Logging

Configure your applications with robust logging using Archil disks that automatically flow to Amazon S3 storage. Simply mount an Archil disk and point your regular application loggers to it - no S3 APIs required.

Transparent S3 Integration

Write to normal filesystem paths and logs automatically sync to S3

Instance Isolation

Each instance creates its own directory for proper ownership separation

Infinite Capacity

Never run out of capacity because your logs are going to S3

Standard Logging Libraries

Use your existing logging setup - Python logging, winston, etc.
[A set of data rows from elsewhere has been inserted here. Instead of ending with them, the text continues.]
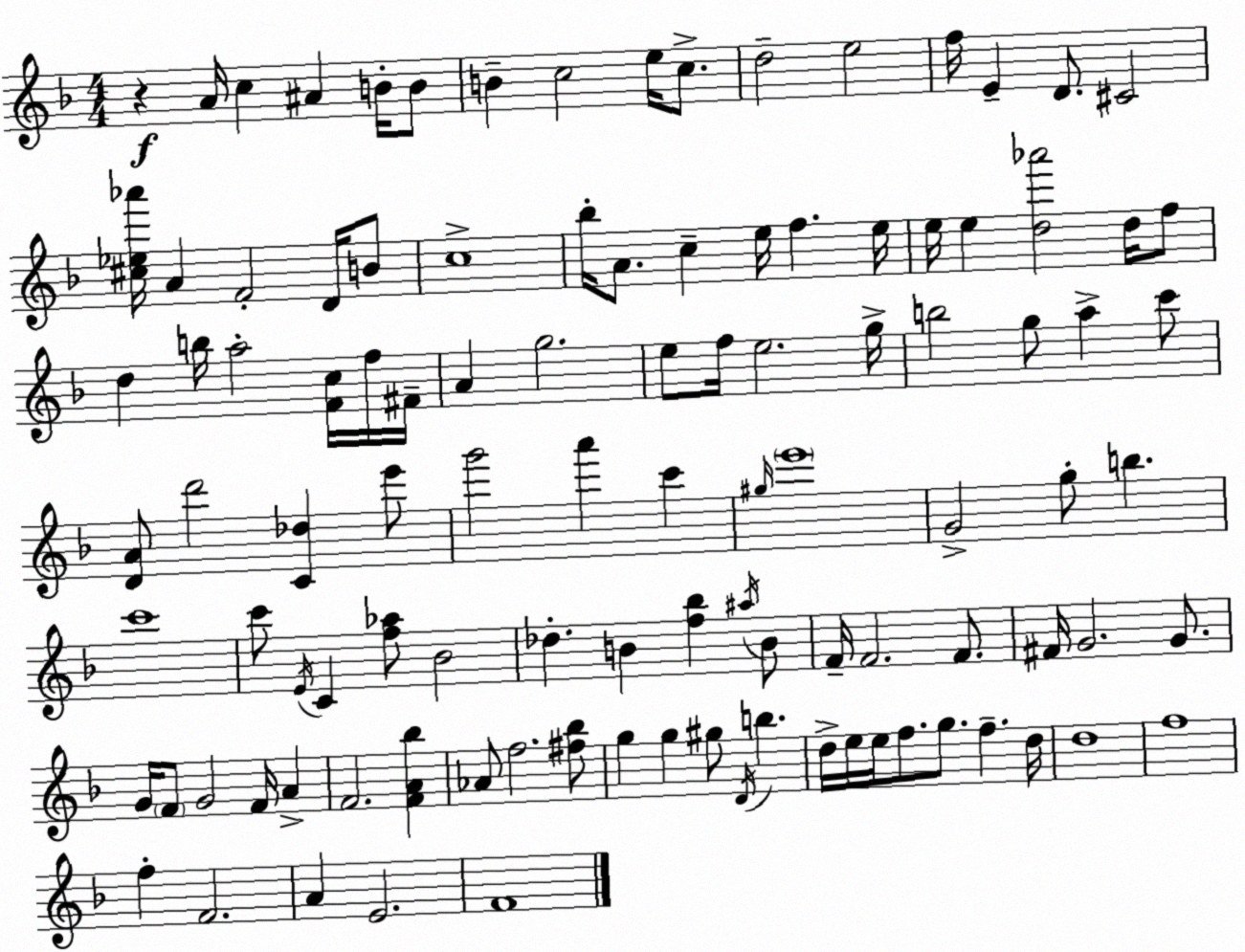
X:1
T:Untitled
M:4/4
L:1/4
K:F
z A/4 c ^A B/4 B/2 B c2 e/4 c/2 d2 e2 f/4 E D/2 ^C2 [^c_e_a']/4 A F2 D/4 B/2 c4 _b/4 A/2 c e/4 f e/4 e/4 e [d_a']2 d/4 f/2 d b/4 a2 [Fc]/4 f/4 ^F/4 A g2 e/2 f/4 e2 g/4 b2 g/2 a c'/2 [DA]/2 d'2 [C_d] e'/2 g'2 a' c' ^g/4 e'4 G2 g/2 b c'4 c'/2 E/4 C [f_a]/2 _B2 _d B [f_b] ^a/4 B/2 F/4 F2 F/2 ^F/4 G2 G/2 G/4 F/2 G2 F/4 A F2 [FA_b] _A/2 f2 [^f_b]/2 g g ^g/2 D/4 b d/4 e/4 e/4 f/2 g/2 f d/4 d4 f4 f F2 A E2 F4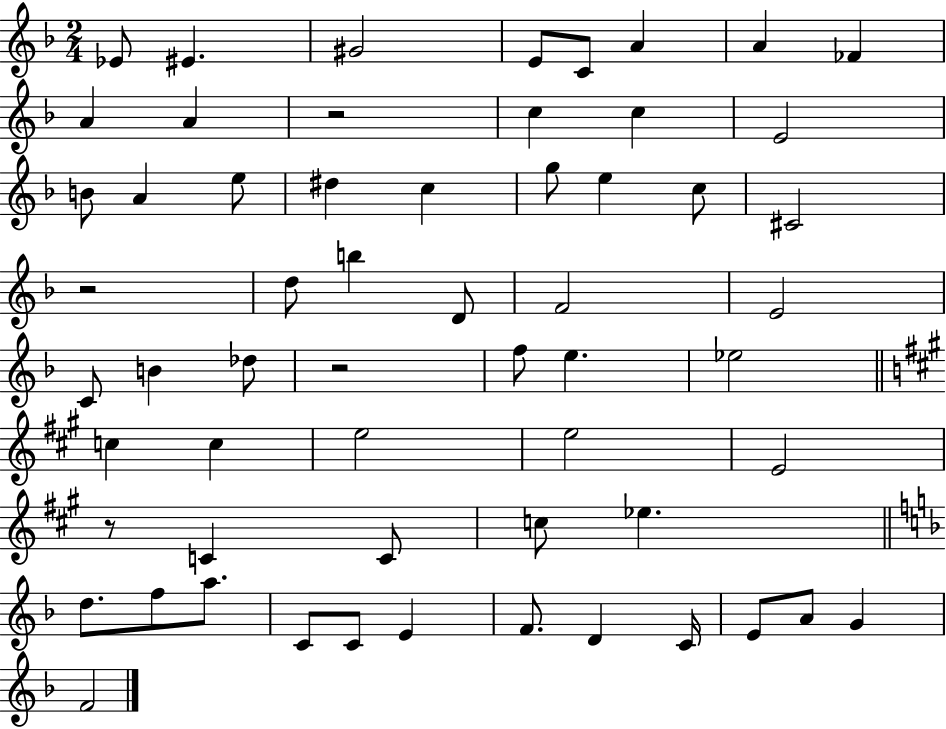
Eb4/e EIS4/q. G#4/h E4/e C4/e A4/q A4/q FES4/q A4/q A4/q R/h C5/q C5/q E4/h B4/e A4/q E5/e D#5/q C5/q G5/e E5/q C5/e C#4/h R/h D5/e B5/q D4/e F4/h E4/h C4/e B4/q Db5/e R/h F5/e E5/q. Eb5/h C5/q C5/q E5/h E5/h E4/h R/e C4/q C4/e C5/e Eb5/q. D5/e. F5/e A5/e. C4/e C4/e E4/q F4/e. D4/q C4/s E4/e A4/e G4/q F4/h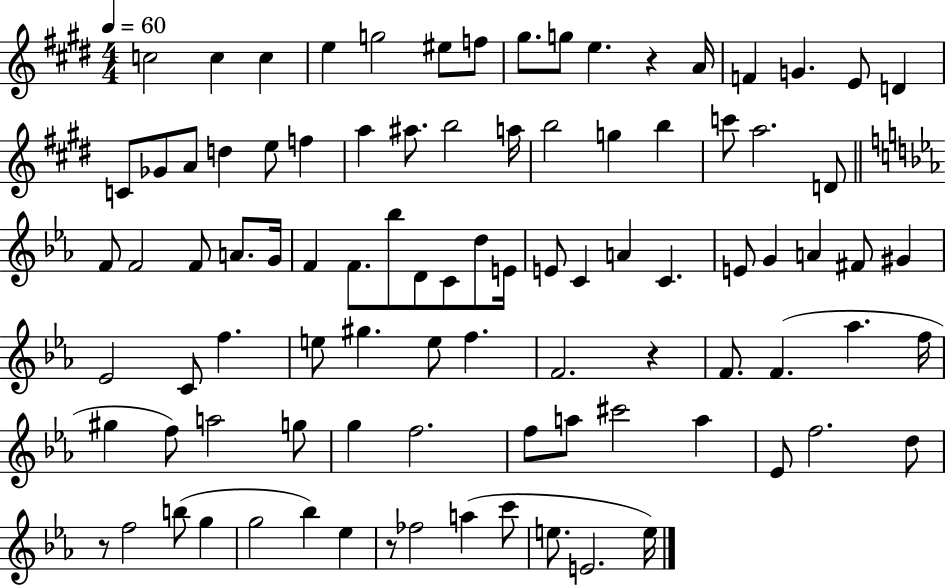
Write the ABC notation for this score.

X:1
T:Untitled
M:4/4
L:1/4
K:E
c2 c c e g2 ^e/2 f/2 ^g/2 g/2 e z A/4 F G E/2 D C/2 _G/2 A/2 d e/2 f a ^a/2 b2 a/4 b2 g b c'/2 a2 D/2 F/2 F2 F/2 A/2 G/4 F F/2 _b/2 D/2 C/2 d/2 E/4 E/2 C A C E/2 G A ^F/2 ^G _E2 C/2 f e/2 ^g e/2 f F2 z F/2 F _a f/4 ^g f/2 a2 g/2 g f2 f/2 a/2 ^c'2 a _E/2 f2 d/2 z/2 f2 b/2 g g2 _b _e z/2 _f2 a c'/2 e/2 E2 e/4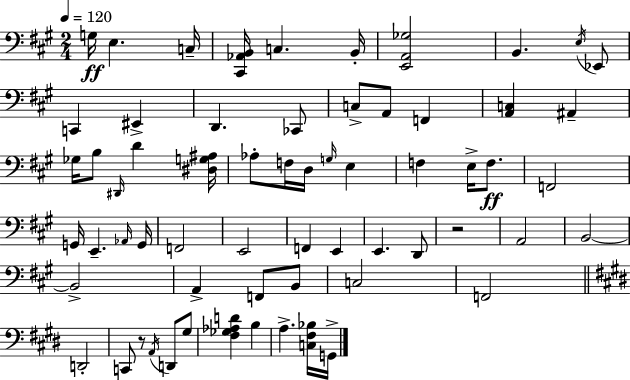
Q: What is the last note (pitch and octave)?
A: G2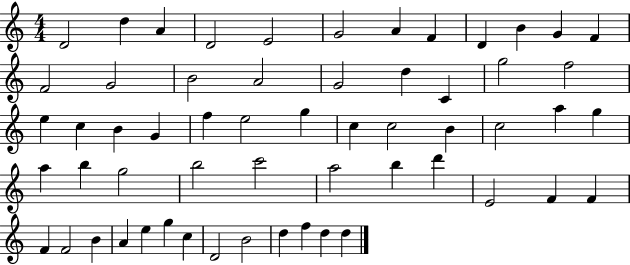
D4/h D5/q A4/q D4/h E4/h G4/h A4/q F4/q D4/q B4/q G4/q F4/q F4/h G4/h B4/h A4/h G4/h D5/q C4/q G5/h F5/h E5/q C5/q B4/q G4/q F5/q E5/h G5/q C5/q C5/h B4/q C5/h A5/q G5/q A5/q B5/q G5/h B5/h C6/h A5/h B5/q D6/q E4/h F4/q F4/q F4/q F4/h B4/q A4/q E5/q G5/q C5/q D4/h B4/h D5/q F5/q D5/q D5/q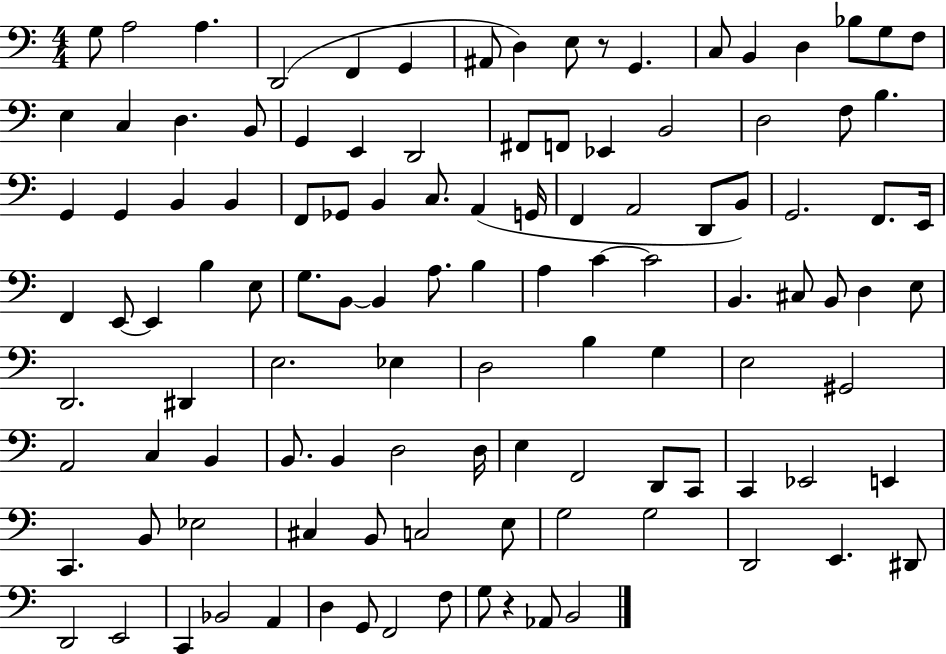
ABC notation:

X:1
T:Untitled
M:4/4
L:1/4
K:C
G,/2 A,2 A, D,,2 F,, G,, ^A,,/2 D, E,/2 z/2 G,, C,/2 B,, D, _B,/2 G,/2 F,/2 E, C, D, B,,/2 G,, E,, D,,2 ^F,,/2 F,,/2 _E,, B,,2 D,2 F,/2 B, G,, G,, B,, B,, F,,/2 _G,,/2 B,, C,/2 A,, G,,/4 F,, A,,2 D,,/2 B,,/2 G,,2 F,,/2 E,,/4 F,, E,,/2 E,, B, E,/2 G,/2 B,,/2 B,, A,/2 B, A, C C2 B,, ^C,/2 B,,/2 D, E,/2 D,,2 ^D,, E,2 _E, D,2 B, G, E,2 ^G,,2 A,,2 C, B,, B,,/2 B,, D,2 D,/4 E, F,,2 D,,/2 C,,/2 C,, _E,,2 E,, C,, B,,/2 _E,2 ^C, B,,/2 C,2 E,/2 G,2 G,2 D,,2 E,, ^D,,/2 D,,2 E,,2 C,, _B,,2 A,, D, G,,/2 F,,2 F,/2 G,/2 z _A,,/2 B,,2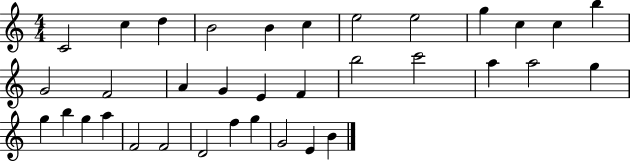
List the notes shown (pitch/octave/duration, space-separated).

C4/h C5/q D5/q B4/h B4/q C5/q E5/h E5/h G5/q C5/q C5/q B5/q G4/h F4/h A4/q G4/q E4/q F4/q B5/h C6/h A5/q A5/h G5/q G5/q B5/q G5/q A5/q F4/h F4/h D4/h F5/q G5/q G4/h E4/q B4/q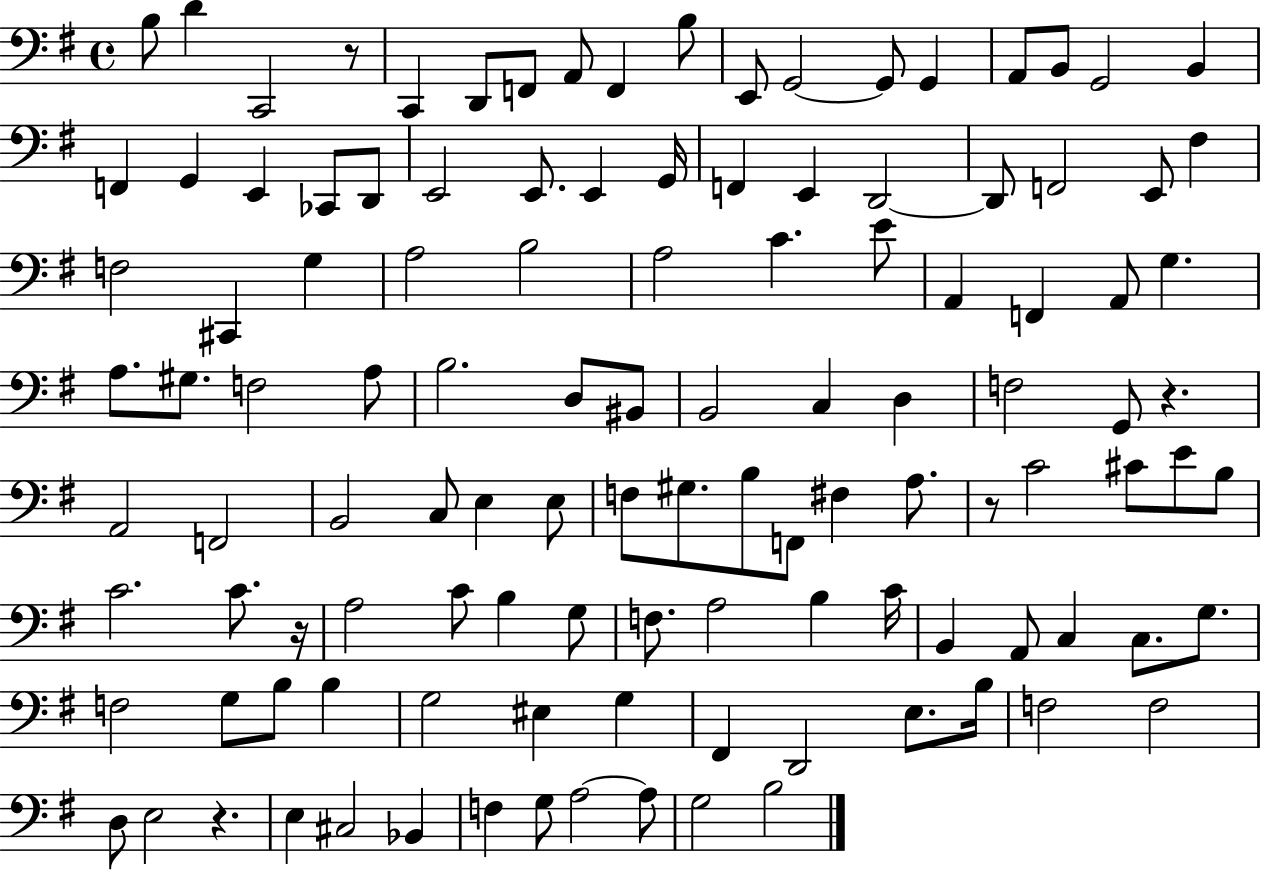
B3/e D4/q C2/h R/e C2/q D2/e F2/e A2/e F2/q B3/e E2/e G2/h G2/e G2/q A2/e B2/e G2/h B2/q F2/q G2/q E2/q CES2/e D2/e E2/h E2/e. E2/q G2/s F2/q E2/q D2/h D2/e F2/h E2/e F#3/q F3/h C#2/q G3/q A3/h B3/h A3/h C4/q. E4/e A2/q F2/q A2/e G3/q. A3/e. G#3/e. F3/h A3/e B3/h. D3/e BIS2/e B2/h C3/q D3/q F3/h G2/e R/q. A2/h F2/h B2/h C3/e E3/q E3/e F3/e G#3/e. B3/e F2/e F#3/q A3/e. R/e C4/h C#4/e E4/e B3/e C4/h. C4/e. R/s A3/h C4/e B3/q G3/e F3/e. A3/h B3/q C4/s B2/q A2/e C3/q C3/e. G3/e. F3/h G3/e B3/e B3/q G3/h EIS3/q G3/q F#2/q D2/h E3/e. B3/s F3/h F3/h D3/e E3/h R/q. E3/q C#3/h Bb2/q F3/q G3/e A3/h A3/e G3/h B3/h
Create and mount an Archil disk

First, create an Archil disk for your logging infrastructure. Follow the Quickstart Guide to create a disk, then mount it in shared mode to allow multiple instances to write logs simultaneously.

Mount the logging disk

# Create the mount directory
sudo mkdir -p /mnt/logs

# Mount the Archil disk in shared mode
sudo archil mount dsk-0123456789abcdef /mnt/logs --region aws-us-east-1 --shared

Create instance-specific directories

Each application instance should create its own directory within the mounted filesystem. We recommend doing this as part of a startup script or on application startup:
# Create instance-specific log directory using hostname
INSTANCE_DIR="/mnt/logs/$(hostname)"
mkdir -p "$INSTANCE_DIR"

# Or use a custom instance identifier
INSTANCE_ID="${INSTANCE_ID:-$(date +%s)-$$}"
INSTANCE_DIR="/mnt/logs/instance-${INSTANCE_ID}"
mkdir -p "$INSTANCE_DIR"

Application configuration

Configure your application loggers to write to the mounted Archil filesystem. Your logs will automatically flow to S3 without any S3 API calls.
import logging
import os
import socket
from datetime import datetime

def setup_logging():
    # Create instance-specific directory
    instance_id = socket.gethostname()
    log_dir = f"/mnt/logs/{instance_id}"
    os.makedirs(log_dir, exist_ok=True)
    
    # Configure standard Python logging
    logger = logging.getLogger('app')
    logger.setLevel(logging.INFO)
    
    # Create file handler with timestamp in filename
    timestamp = datetime.utcnow().strftime('%Y%m%dT%H_%M_00Z')
    log_file = f"{log_dir}/app-{timestamp}.log"
    
    file_handler = logging.FileHandler(log_file)
    file_handler.setFormatter(
        logging.Formatter('%(asctime)s - %(name)s - %(levelname)s - %(message)s')
    )
    
    logger.addHandler(file_handler)
    return logger

# Usage
logger = setup_logging()
logger.info("Application started - logs automatically flowing to S3")
logger.error("Sample error message")

Log organization and management

With Archil, you don’t need traditional log rotation because logs are automatically offloaded to S3, where there’s infinite capacity. The application configuration examples above already demonstrate time-based file creation for chronological organization.

S3 lifecycle management

One of the key advantages of using Archil for logging is that your logs automatically flow to S3, giving you access to all of S3’s built-in cost optimization features. You can leverage S3’s intelligent tiering and lifecycle policies to automatically move your log data to cheaper storage classes over time without any application changes. Configure lifecycle policies on your S3 bucket to automatically transition logs to cheaper storage classes:
{
  "Rules": [
    {
      "ID": "LogRetentionPolicy",
      "Status": "Enabled",
      "Filter": {
        "Prefix": "logs/"
      },
      "Transitions": [
        {
          "Days": 30,
          "StorageClass": "STANDARD_IA"
        },
        {
          "Days": 90,
          "StorageClass": "GLACIER"
        }
      ],
      "Expiration": {
        "Days": 365
      }
    }
  ]
}

Querying logs with Amazon Athena

Once your logs are flowing to S3 through Archil, you can use Amazon Athena to run SQL queries directly against your log data without needing to load it into a database.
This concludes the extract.